Clinical research company PRA International has agreed to be bought by private equity firm Genstar Capitalfor $790 million. PRA went public in 2004. Genstar currently owns 12.8 percent of PRA shares. Under the agreement, PRA stockholders will be entitled to receive $30.50 in cash for each share of PRA common stock, a 24 percent premium over PRA’s average closing price for the three months ending July 24.

WuXi PharmaTech, the largest Chinese contract research organization (CRO) that specializes in preclinical laboratory testing services, has officially announced its IPO plans on the NYSE. The CRO will use $40 million of the proceeds to build a preclinical drug safety evaluation center in Suzhou, $40 million to expand its Jinshan facility, and the balance for “general corporate purposes.” The company said it will list 13.2 million American Depositary Shares (ADS) at an estimated price range offering falling between $11-13 per ADS. Its net revenues increased from $33.8 million in 2005 to $69.9 million in 2006, or a 107 percent increase. The company’s two largest customers in 2005 and 2006, Pfizer and Merck, made up 15.4 percent and 13.7 percent of its 2006 net revenues respectively.

The cinical technology suite etrials Worldwide announced a partnership between Roche Diagnostics’ ACCU-CHEK blood glucose meters and etrials’ eDiary solution. Nancy K. Lonsinger, vice president of diabetes care marketing at Roche Diagnostics said, “ACCU-CHEK meters, the global leader in blood glucose monitoring, will now transmit data via infrared connection to the etrials eDiary in order to improve data collection.” Patients can now report data immediately back to study investigators and sponsors for analysis and evaluation with an eDiary solution. “The collaboration with Roche Diagnostics demonstrates the industry’s increased attention to eClinical solutions and the importance of the seamless integration between internal and external data-collection technologies,” said Chip Jennings, president and CEO of etrials. “Sponsors can now rely on even more accurate and timely diabetes clinical data when captured with etrials’ eDiary. This is a competitive advantage both for the sponsor and for etrials.”

PharmaVOICE has recently named new additions to its top 100 list of most inspirational people in the life sciences industry. Medidata Solutions, a global provider of electronic clinical data capture, management and reporting solutions, announced that CEO and co-founder Tarek Sherif has been selected for building a talented team that has developed and driven Medidata Rave to become the leading EDC solution among global research organizations,  biopharmaceutical and medical device companies. Phase Forward, a provider of data management solutions for clinical trials and drug safety, has the president of its Lincoln Technologies safety division Chan Russell named to the list, for leading the development of major pharmaceutical industry applications related to clinical data management, laboratory data analysis, adverse event tracking and reporting and safety signal detection. Nextrials, a provider of clinical research software and services, has James H. Rogers, the company co-founder, president and CEO, named to the PharmaVOICE 100 list. After working for companies such as Clinimetrics Research Associates, Xoma Corporation, Syntex, and SRI International, he co-founded Nextrials and helped it lead in cost-effective, practical and reliable technology alternatives to traditional paper-based clinical trial management. “We are extremely pleased to recognize the 100 individuals who comprise this year’s PharmaVOICE 100,” said Taren Grom, editor-in-chief and co-founder of PharmaVOICE. “These individuals translate industry issues into opportunities and take the time to mentor the next generation of leaders in the life-sciences arena.”

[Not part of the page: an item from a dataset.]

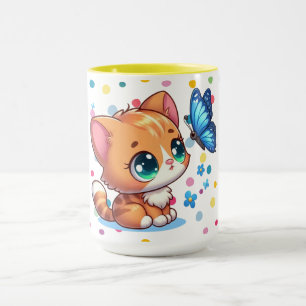 Cute kitten/cat & butterfly mug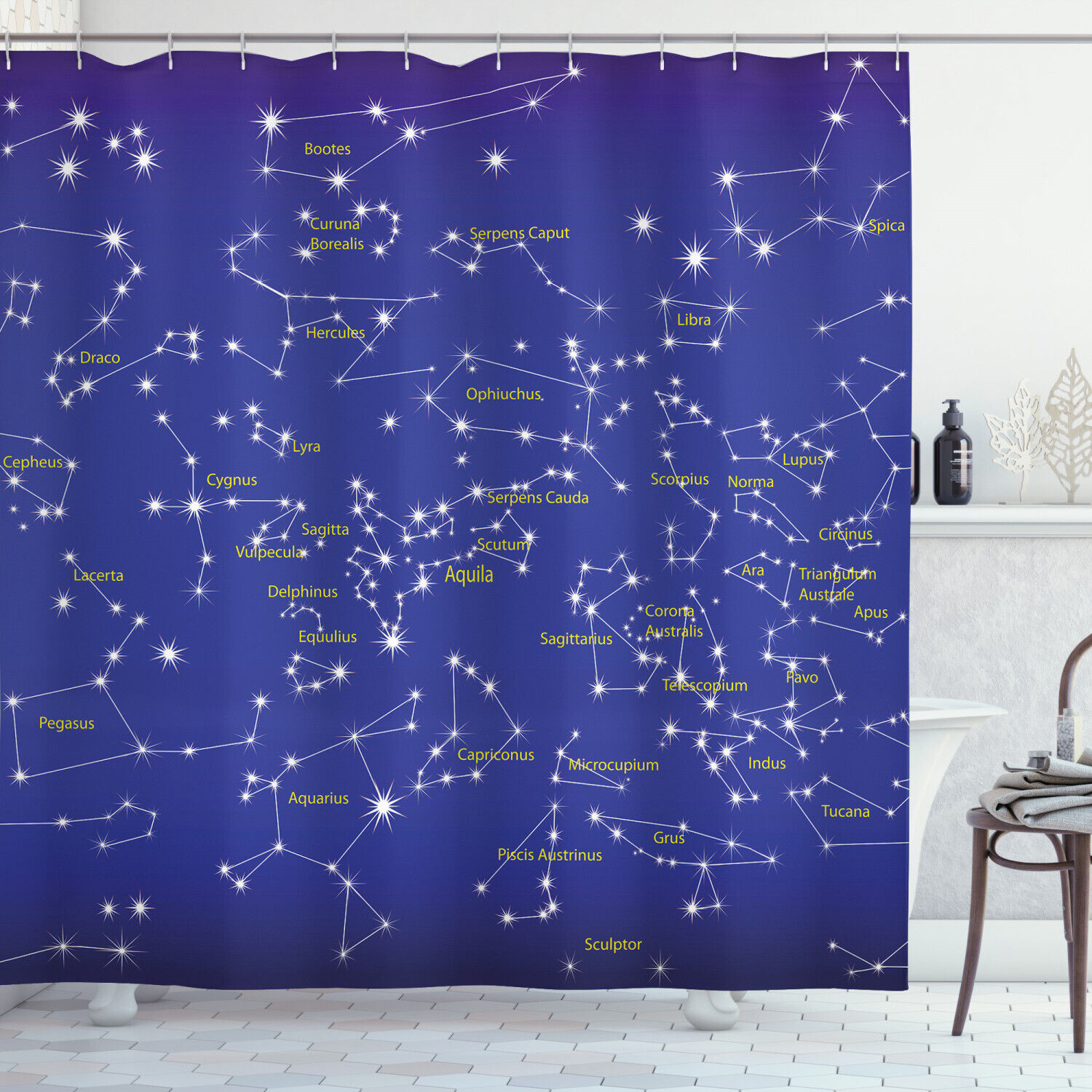 Constellation Star Names Shower Curtain - Astronomy Bathroom Accessory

Akaza Research, a provider of the web-based open source OpenClinica clinical software for managing clinical research, has completed a comprehensive on site training for the KEMRI-Wellcome Research Programme for using the OpenClinica Enterprise platform for its clinical research activities in Kenya. The Wellcome-KEMRI (Kenya Medical Research Institute) Research Programme is working to accelerate high-quality research towards effective treatments of malaria and other important infectious diseases.

Steven Epstein’s book “Inclusion”

is about changing patient demographics in clinical research. You can find it here at Amazon.com. He’s a sociologist at the University of California at San Diego. The publisher says Epstein describes “reforms that forced researchers and pharmaceutical companies to diversify the population from which they drew for clinical research. That change has gone hand in hand with bold assertions that group differences in society are encoded in our biology—for example, that there are important biological differences in the ways that people of different races and sexes respond to drugs and other treatments.”